We scraped some dirt over the urn. A prayer would have felt pretentious. I’m not sure my dad even believed in God when he died. My sister and I held hands and sang a chorus of “Amazing Grace,” the wind snatching the notes off our lips.

It was too cold and I was out of kilter. We poked our heads inside the abandoned church; the windows were long gone, leaving only four walls of rough whitewashed brick and a rusty tin roof. Animal droppings littered the empty structure, huge, bigger than my thumb. The thought of an animal that size was frightening.

Two days later it was Good Friday, bright and warm. I was facing a sixteen-hour trip south, but Zion Cemetery called, and I obeyed my instincts.

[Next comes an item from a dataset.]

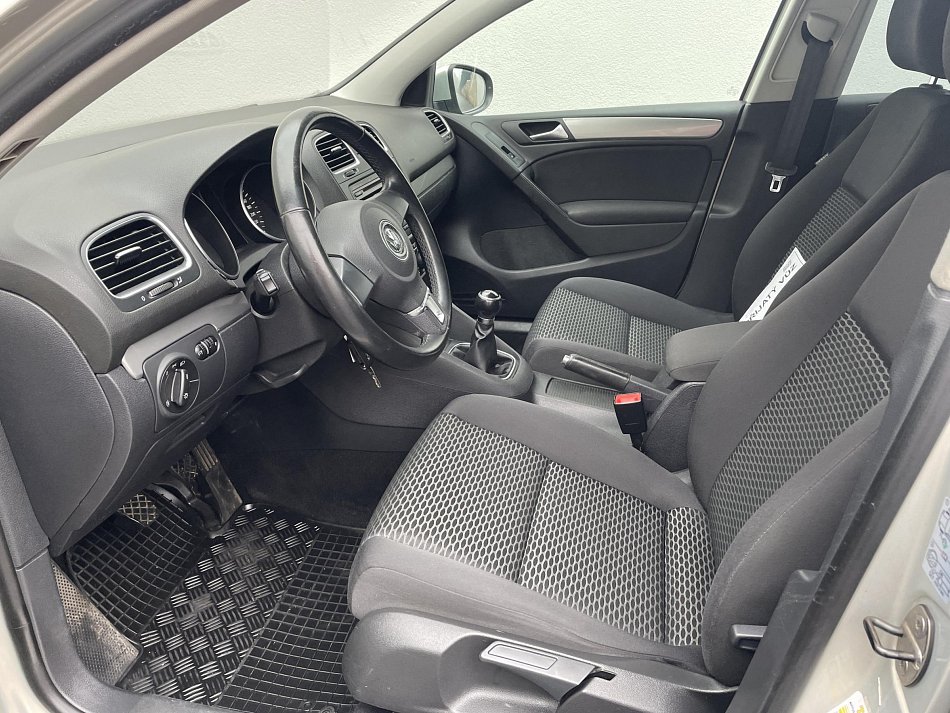 Volkswagen Golf 1.2 TSi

On my way out of town, I heard bells. It was noon. My lovely little church in Birmingham has a most solemn Good Friday Service at noon; it begins with the church stripped bare of all its banners and fancy drapery and the clergy lying full-out face down on the floor around the altar.

Again an inner voice whispered, just as I passed a church. I pulled into the parking lot and crept inside, late for the noon service. They were reading the Passion Gospel and a lady in the back smiled at me when she handed me a bulletin. As we read the familiar story of Christ’s trial, persecution and crucifixion, my world and my heart began to settle into a rhythm: powerful, soothing and good.

My spirit was almost light as I left the church, and I stopped at a store to assemble a funeral feast. I got two pieces of cake, some bright ripe fruit, a little cheese, a styrofoam cup of macaroni and cheese. On an impulse I grabbed a handful of chunky, beaming sunflowers.

It took an hour to drive north of town, west down the highway past the grain elevators, then bump down the dirt road to the cemetery bounded by a rusty, sagging fence. It looked vastly different, which makes perfect sense: when the sky is nine-tenths of the display, a vivid blue infinity is a remarkable transformation from a lowering blustery gray.

I had a book with me, a funny one, by Terry Pratchett. I spread out a blanket under a splintery old cedar and read my book and laughed out loud. It felt good to laugh. My dad has a wicked sense of humor and he loved to read. I slowly ate half a piece of cake, savoring the joy of my dad’s sweet tooth and a family tradition of “dessert-first day.” I breathed, deeply: cedar, dirt, sky.

Now my heart was so light I was almost skipping. I scattered a few crumbs of cake a few feet away from the tree and invited the ants to my banquet. I laid the sunflowers in a row on the family graves and they smiled back at me: great-grandmother, grandmother, aunt, aunt, father.

I remembered I had a kite tucked away in my camping gear, and that endless sky cried out for a kite. I couldn’t get it up in the air; I have no talent for aerodynamics. But I tethered the string to the gravestone and it kicked around on the ground, yearning for the wild blue yonder. I sang a song from my favorite movie; it felt so good I sang another song, a Bible-thumping camp song from my father’s youth. I remembered his eyes match the Oklahoma sky on a bright spring day.

I thought, for no particular reason, of things that frightened me and decided to look inside the old church one more time.

I remembered the warmth leaving my father’s hands as I wept and let him go.

I leaned into the empty window frame of the old Zion Methodist Church and heard a storm of wings and wind and watched, transfixed, as a Great White Owl burst from the rafters, paused, as if posing for a snapshot, and whirled out the opposite window, an angel of a different kind.

I laid my daddy’s ashes to rest on Good Friday last year. Today, as Lent begins, I wonder where my journey leads me now.